▶ [The problem]:
Only one span of the material below is wanted. Output it exactly, from the line with "Aotearoa Iwi Ngati" through the line with "HP Poly Blackwire", without any pictures.

▶ [Input records]:
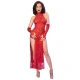 Rochie Dantelă - Cu Mănuși, Roșu, S/M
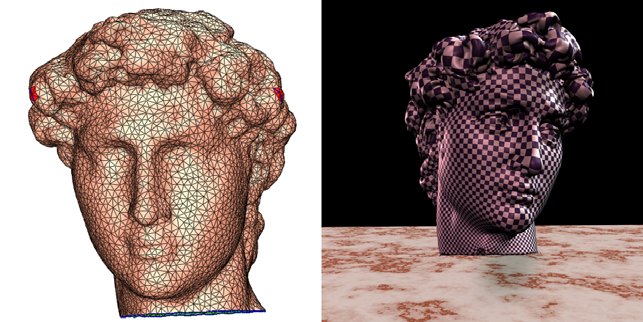 Two classical-style heads, one tessellated.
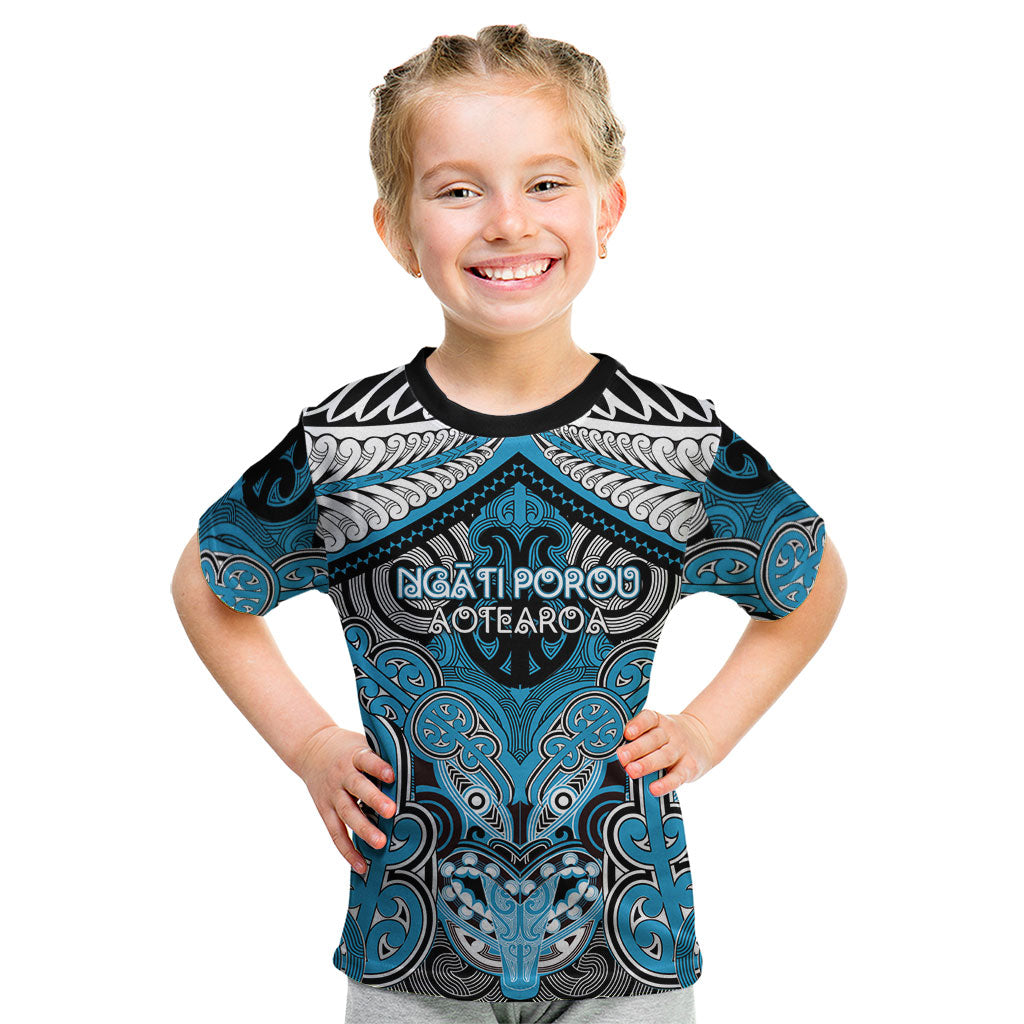 Aotearoa Iwi Ngati Porou Personalised Kid T Shirt Maori Kowhaiwhai Pattern LT19 Blue - Polynesian Pride
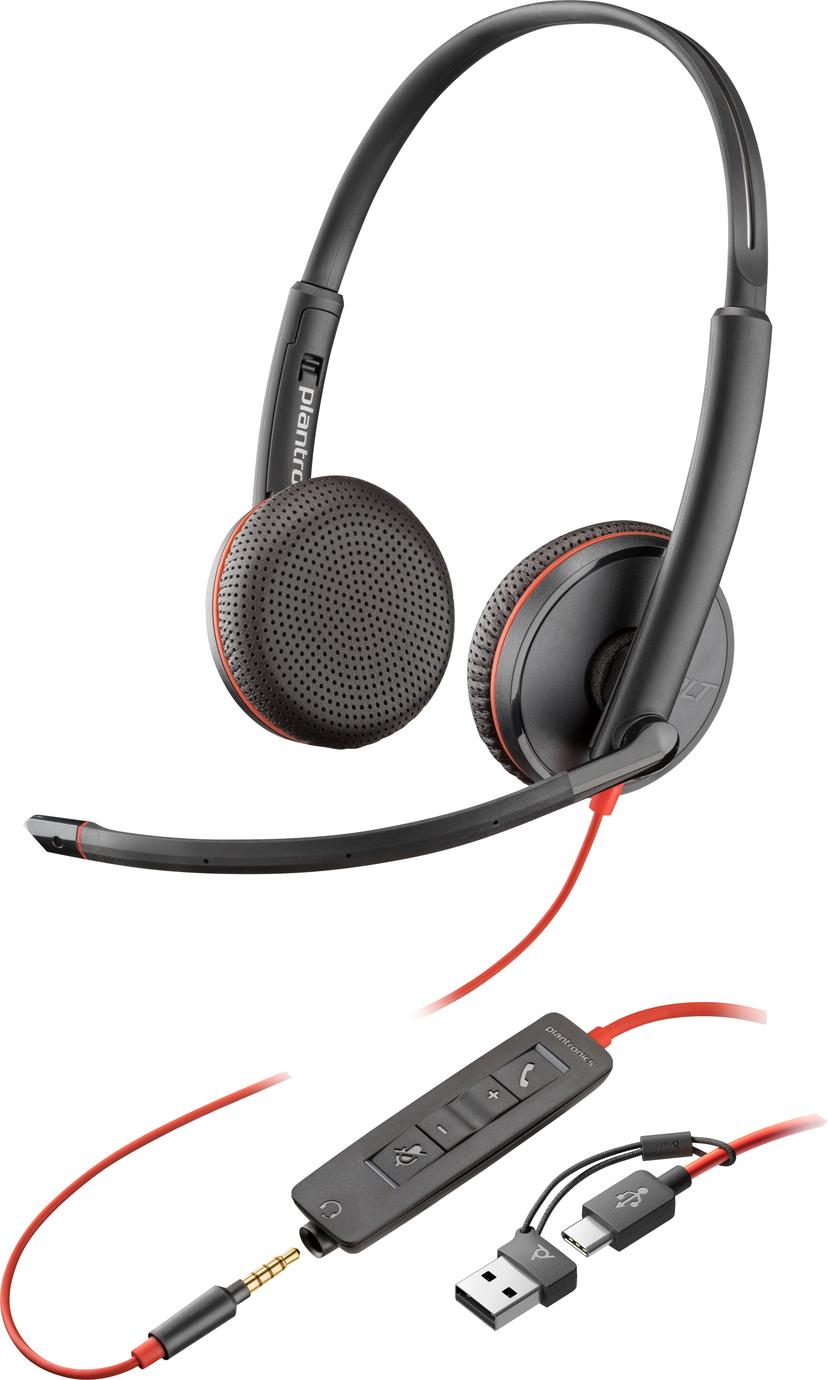 HP Poly Blackwire C3225 - (Löytötuote luokka 3) Stereo USB-C Musta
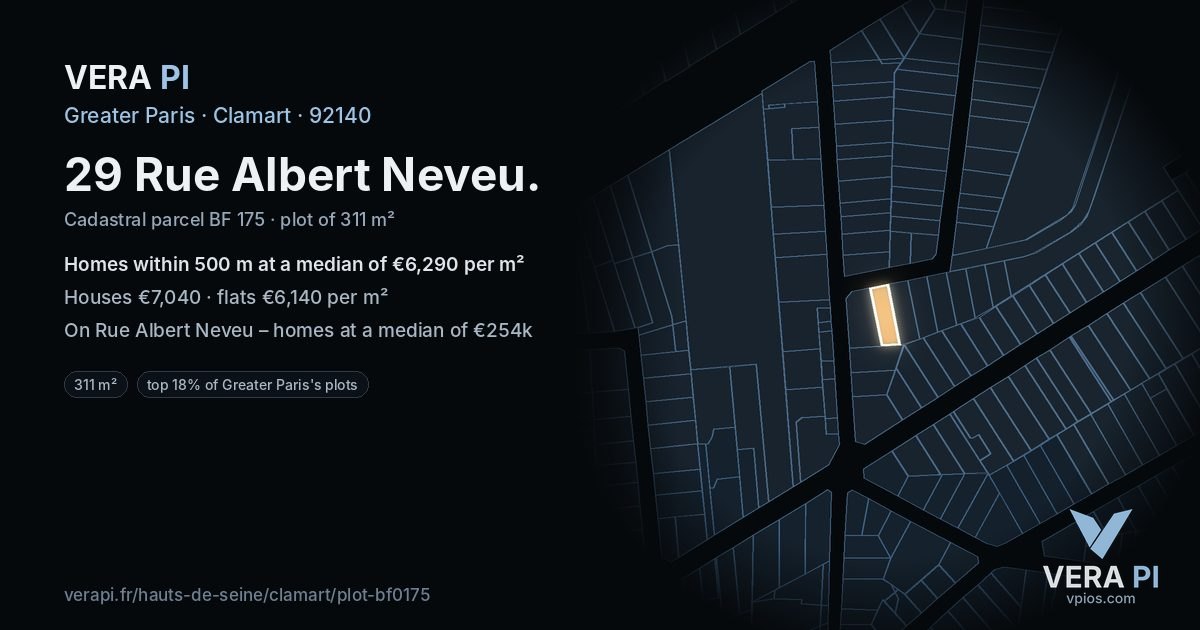 29 Rue Albert Neveu, Clamart at night – the plot lit, the parcels around coloured by the prices near them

▶ [Answer]:
 Aotearoa Iwi Ngati Porou Personalised Kid T Shirt Maori Kowhaiwhai Pattern LT19 Blue - Polynesian Pride
 HP Poly Blackwire C3225 - (Löytötuote luokka 3) Stereo USB-C Musta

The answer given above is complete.